▶ [DESCRIPTION OF THE TASK]: Look below for the line holding "Slide: The Image of Yamaha 255XD 2026 - 11" and the line holding "Pre Owned Hermes". Transcribe exactly those lines and all lines between them, nothing more.

######

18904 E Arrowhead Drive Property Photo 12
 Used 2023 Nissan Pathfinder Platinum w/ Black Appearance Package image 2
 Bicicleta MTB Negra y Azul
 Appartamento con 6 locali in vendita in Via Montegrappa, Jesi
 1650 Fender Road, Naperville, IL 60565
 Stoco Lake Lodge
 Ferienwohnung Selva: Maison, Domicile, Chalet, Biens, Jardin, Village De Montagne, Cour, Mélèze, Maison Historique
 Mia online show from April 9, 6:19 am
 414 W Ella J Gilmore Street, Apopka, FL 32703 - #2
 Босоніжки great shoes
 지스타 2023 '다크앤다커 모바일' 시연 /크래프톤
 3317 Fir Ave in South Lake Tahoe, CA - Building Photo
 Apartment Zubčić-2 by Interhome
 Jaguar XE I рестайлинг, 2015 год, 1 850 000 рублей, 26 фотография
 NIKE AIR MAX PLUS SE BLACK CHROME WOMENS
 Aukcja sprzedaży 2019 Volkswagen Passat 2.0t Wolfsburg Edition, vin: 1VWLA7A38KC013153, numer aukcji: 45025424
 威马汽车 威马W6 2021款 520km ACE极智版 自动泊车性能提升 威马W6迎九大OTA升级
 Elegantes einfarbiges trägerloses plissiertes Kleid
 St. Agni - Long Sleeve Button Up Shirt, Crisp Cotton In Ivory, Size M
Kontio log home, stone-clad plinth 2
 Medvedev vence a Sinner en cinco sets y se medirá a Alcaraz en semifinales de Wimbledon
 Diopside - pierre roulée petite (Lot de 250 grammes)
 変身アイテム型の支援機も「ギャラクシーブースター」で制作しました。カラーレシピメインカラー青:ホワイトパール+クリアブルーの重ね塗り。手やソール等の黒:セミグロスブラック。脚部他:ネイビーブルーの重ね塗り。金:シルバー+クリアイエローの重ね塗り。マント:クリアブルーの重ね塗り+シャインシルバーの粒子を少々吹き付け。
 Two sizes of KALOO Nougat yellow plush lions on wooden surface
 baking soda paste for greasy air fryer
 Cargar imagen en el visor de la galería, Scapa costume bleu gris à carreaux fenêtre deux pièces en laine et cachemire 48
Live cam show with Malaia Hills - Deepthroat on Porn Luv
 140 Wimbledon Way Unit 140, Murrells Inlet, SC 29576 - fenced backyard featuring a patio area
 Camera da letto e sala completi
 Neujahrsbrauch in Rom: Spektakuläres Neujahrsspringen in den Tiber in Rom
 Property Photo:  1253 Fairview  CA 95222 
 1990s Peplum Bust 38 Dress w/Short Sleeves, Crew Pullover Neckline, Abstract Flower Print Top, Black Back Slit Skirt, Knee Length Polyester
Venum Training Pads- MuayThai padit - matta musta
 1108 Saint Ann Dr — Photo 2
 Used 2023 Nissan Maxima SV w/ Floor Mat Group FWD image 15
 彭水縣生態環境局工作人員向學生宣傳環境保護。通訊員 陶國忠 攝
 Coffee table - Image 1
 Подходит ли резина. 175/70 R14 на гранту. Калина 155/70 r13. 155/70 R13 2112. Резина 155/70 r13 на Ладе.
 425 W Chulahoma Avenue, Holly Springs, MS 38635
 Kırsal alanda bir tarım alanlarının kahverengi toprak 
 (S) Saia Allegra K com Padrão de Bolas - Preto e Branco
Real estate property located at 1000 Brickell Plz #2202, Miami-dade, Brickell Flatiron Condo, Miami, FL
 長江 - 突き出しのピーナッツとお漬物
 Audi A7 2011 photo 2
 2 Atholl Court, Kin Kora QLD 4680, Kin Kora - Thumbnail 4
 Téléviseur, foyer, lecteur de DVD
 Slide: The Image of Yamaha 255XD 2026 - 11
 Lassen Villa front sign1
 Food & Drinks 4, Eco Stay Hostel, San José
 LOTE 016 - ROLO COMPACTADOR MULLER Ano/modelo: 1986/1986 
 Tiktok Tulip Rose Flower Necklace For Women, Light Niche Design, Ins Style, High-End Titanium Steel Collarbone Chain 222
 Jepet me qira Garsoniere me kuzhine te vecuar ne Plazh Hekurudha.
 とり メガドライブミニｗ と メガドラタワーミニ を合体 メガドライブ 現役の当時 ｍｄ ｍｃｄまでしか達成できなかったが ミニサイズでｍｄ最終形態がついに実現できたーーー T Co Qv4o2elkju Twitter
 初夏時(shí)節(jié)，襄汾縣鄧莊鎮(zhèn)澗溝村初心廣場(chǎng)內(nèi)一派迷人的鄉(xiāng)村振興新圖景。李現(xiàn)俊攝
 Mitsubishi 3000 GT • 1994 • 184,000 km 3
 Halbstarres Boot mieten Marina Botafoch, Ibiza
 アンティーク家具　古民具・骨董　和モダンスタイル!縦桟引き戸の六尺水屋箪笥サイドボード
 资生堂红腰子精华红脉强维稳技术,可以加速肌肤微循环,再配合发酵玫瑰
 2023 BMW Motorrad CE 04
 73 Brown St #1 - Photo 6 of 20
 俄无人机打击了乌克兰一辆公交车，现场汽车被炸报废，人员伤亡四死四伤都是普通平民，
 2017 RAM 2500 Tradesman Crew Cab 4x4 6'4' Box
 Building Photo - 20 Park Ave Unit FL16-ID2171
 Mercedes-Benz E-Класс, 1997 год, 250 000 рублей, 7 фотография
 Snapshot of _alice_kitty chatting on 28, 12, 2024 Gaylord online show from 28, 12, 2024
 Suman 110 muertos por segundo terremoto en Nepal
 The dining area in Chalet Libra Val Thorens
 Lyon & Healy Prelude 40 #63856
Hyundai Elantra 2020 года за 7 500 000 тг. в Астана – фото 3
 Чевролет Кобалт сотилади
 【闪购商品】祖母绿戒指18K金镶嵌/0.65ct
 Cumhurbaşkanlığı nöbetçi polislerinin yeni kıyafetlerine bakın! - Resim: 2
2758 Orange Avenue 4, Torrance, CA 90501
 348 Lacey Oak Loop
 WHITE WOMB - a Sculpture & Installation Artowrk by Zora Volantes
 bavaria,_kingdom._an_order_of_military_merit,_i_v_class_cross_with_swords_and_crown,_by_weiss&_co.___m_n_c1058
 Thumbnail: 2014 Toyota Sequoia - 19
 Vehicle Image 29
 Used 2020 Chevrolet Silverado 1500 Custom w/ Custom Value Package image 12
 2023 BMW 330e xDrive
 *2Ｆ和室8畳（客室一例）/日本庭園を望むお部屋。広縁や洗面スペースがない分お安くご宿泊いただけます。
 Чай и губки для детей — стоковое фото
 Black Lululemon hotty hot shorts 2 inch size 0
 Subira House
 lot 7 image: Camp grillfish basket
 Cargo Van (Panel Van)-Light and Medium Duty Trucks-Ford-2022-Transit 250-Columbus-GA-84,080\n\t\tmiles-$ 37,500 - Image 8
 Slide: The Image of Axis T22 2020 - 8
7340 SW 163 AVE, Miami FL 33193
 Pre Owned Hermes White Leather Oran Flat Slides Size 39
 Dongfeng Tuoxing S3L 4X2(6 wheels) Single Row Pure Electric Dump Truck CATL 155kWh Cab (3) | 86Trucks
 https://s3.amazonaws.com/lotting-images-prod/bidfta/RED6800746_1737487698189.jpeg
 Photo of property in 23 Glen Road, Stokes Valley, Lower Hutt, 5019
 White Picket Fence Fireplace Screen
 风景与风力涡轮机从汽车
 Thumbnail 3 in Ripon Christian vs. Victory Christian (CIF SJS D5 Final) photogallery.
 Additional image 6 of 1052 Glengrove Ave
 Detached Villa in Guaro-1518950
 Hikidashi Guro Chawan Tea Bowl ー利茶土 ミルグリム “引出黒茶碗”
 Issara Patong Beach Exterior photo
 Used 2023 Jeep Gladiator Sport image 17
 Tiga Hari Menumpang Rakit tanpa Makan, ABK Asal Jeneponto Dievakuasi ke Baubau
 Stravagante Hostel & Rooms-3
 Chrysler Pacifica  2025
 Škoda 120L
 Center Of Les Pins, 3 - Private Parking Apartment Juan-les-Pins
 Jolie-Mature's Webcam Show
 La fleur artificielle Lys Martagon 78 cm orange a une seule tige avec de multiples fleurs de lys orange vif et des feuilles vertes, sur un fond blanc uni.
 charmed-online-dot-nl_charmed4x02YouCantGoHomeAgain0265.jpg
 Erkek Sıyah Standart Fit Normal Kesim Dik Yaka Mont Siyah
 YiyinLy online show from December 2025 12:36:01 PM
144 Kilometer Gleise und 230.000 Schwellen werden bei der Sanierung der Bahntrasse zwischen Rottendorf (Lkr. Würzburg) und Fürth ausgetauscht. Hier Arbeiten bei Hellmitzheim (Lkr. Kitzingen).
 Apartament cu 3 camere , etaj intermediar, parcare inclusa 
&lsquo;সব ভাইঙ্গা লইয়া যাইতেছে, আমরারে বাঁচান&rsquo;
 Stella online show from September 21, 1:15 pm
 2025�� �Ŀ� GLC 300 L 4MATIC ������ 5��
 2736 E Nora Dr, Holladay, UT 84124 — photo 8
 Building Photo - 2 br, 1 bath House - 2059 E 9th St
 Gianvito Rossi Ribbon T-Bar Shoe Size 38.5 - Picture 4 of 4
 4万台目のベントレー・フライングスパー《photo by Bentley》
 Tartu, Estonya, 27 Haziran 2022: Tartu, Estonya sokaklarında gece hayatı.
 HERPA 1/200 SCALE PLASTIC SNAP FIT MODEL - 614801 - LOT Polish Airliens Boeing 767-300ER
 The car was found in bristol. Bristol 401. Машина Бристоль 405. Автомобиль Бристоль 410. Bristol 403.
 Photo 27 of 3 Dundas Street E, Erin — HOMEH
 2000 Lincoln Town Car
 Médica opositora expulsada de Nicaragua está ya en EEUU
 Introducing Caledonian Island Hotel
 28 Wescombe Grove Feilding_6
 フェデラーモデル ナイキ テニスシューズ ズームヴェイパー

######

▶ [TASK SOLUTION]:
 Slide: The Image of Yamaha 255XD 2026 - 11
 Lassen Villa front sign1
 Food & Drinks 4, Eco Stay Hostel, San José
 LOTE 016 - ROLO COMPACTADOR MULLER Ano/modelo: 1986/1986 
 Tiktok Tulip Rose Flower Necklace For Women, Light Niche Design, Ins Style, High-End Titanium Steel Collarbone Chain 222
 Jepet me qira Garsoniere me kuzhine te vecuar ne Plazh Hekurudha.
 とり メガドライブミニｗ と メガドラタワーミニ を合体 メガドライブ 現役の当時 ｍｄ ｍｃｄまでしか達成できなかったが ミニサイズでｍｄ最終形態がついに実現できたーーー T Co Qv4o2elkju Twitter
 初夏時(shí)節(jié)，襄汾縣鄧莊鎮(zhèn)澗溝村初心廣場(chǎng)內(nèi)一派迷人的鄉(xiāng)村振興新圖景。李現(xiàn)俊攝
 Mitsubishi 3000 GT • 1994 • 184,000 km 3
 Halbstarres Boot mieten Marina Botafoch, Ibiza
 アンティーク家具　古民具・骨董　和モダンスタイル!縦桟引き戸の六尺水屋箪笥サイドボード
 资生堂红腰子精华红脉强维稳技术,可以加速肌肤微循环,再配合发酵玫瑰
 2023 BMW Motorrad CE 04
 73 Brown St #1 - Photo 6 of 20
 俄无人机打击了乌克兰一辆公交车，现场汽车被炸报废，人员伤亡四死四伤都是普通平民，
 2017 RAM 2500 Tradesman Crew Cab 4x4 6'4' Box
 Building Photo - 20 Park Ave Unit FL16-ID2171
 Mercedes-Benz E-Класс, 1997 год, 250 000 рублей, 7 фотография
 Snapshot of _alice_kitty chatting on 28, 12, 2024 Gaylord online show from 28, 12, 2024
 Suman 110 muertos por segundo terremoto en Nepal
 The dining area in Chalet Libra Val Thorens
 Lyon & Healy Prelude 40 #63856
Hyundai Elantra 2020 года за 7 500 000 тг. в Астана – фото 3
 Чевролет Кобалт сотилади
 【闪购商品】祖母绿戒指18K金镶嵌/0.65ct
 Cumhurbaşkanlığı nöbetçi polislerinin yeni kıyafetlerine bakın! - Resim: 2
2758 Orange Avenue 4, Torrance, CA 90501
 348 Lacey Oak Loop
 WHITE WOMB - a Sculpture & Installation Artowrk by Zora Volantes
 bavaria,_kingdom._an_order_of_military_merit,_i_v_class_cross_with_swords_and_crown,_by_weiss&_co.___m_n_c1058
 Thumbnail: 2014 Toyota Sequoia - 19
 Vehicle Image 29
 Used 2020 Chevrolet Silverado 1500 Custom w/ Custom Value Package image 12
 2023 BMW 330e xDrive
 *2Ｆ和室8畳（客室一例）/日本庭園を望むお部屋。広縁や洗面スペースがない分お安くご宿泊いただけます。
 Чай и губки для детей — стоковое фото
 Black Lululemon hotty hot shorts 2 inch size 0
 Subira House
 lot 7 image: Camp grillfish basket
 Cargo Van (Panel Van)-Light and Medium Duty Trucks-Ford-2022-Transit 250-Columbus-GA-84,080\n\t\tmiles-$ 37,500 - Image 8
 Slide: The Image of Axis T22 2020 - 8
7340 SW 163 AVE, Miami FL 33193
 Pre Owned Hermes White Leather Oran Flat Slides Size 39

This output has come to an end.